Even if they did, it's not likely they'd choose to use it on middle linebacker E.J. Henderson, who will be 32 years old when the season starts and has been slowed some by injuries in recent years.
Middle linebacker is not an easily replaceable position. But the Vikings have a better chance this year to find a worthwhile starter to take Henderson's spot as the 2012 linebacker draft class one of the best in many years.
The Vikings might possess enough talent already on their roster to provide a replacement for Henderson, such as Jasper Brinkley, who missed all of the 2011 season with a hip injury, or the newly-signed Elimimian Solomon, who came to the team in January from the CFL.
However, Henderson's contributions to the team over his nine-year career are going to be missed, as is his veteran experience.

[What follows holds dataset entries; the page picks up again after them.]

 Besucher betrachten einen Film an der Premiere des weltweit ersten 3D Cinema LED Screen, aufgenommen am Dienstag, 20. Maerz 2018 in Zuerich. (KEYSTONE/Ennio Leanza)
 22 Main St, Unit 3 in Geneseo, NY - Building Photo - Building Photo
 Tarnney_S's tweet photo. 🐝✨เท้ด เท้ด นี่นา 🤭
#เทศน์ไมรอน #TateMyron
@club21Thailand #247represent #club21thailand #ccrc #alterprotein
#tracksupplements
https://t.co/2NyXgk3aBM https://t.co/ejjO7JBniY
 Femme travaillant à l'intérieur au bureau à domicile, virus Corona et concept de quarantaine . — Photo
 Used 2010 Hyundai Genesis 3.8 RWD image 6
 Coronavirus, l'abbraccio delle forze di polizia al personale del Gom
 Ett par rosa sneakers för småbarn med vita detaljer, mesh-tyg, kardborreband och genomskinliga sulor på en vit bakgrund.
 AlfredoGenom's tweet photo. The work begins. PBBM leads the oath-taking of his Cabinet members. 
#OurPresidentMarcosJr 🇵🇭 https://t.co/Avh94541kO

What would you prefer the Vikings do about E.J. Henderson?
Even in 2011, when it seemed like only defensive end Jared Allen was making an impact on defense, Henderson still continued to perform at a high level, with 110 total tackles, two sacks and three forced fumbles.
By letting Henderson go, the Vikings save themselves a good deal of money and allow them to bring in younger players while building for the future.

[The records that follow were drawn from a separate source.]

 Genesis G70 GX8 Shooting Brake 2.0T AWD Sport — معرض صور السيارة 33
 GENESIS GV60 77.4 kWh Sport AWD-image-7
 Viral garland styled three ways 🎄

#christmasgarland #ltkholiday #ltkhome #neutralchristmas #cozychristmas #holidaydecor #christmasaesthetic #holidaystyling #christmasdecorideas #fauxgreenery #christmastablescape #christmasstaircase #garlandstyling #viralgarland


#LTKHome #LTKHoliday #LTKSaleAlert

If the Vikings retain Henderson, it wouldn't be for more than a year. Considering their chances to draft a long-term starter this year are higher than ever with such a deep draft class of linebackers, it is ultimately in the team's best interest to let Henderson go.
Without Henderson, however, the team will lack leadership at one of their most important defensive positions. Committing yourself to youth is something every team has to do at one point or another, but its benefits come at a price.
Henderson is aging, to be sure, and that combined with a titanium rod in his leg isn't going to do any favors for his mobility. However, he's still an effective linebacker, even if he's been priced- and aged-out in Minnesota.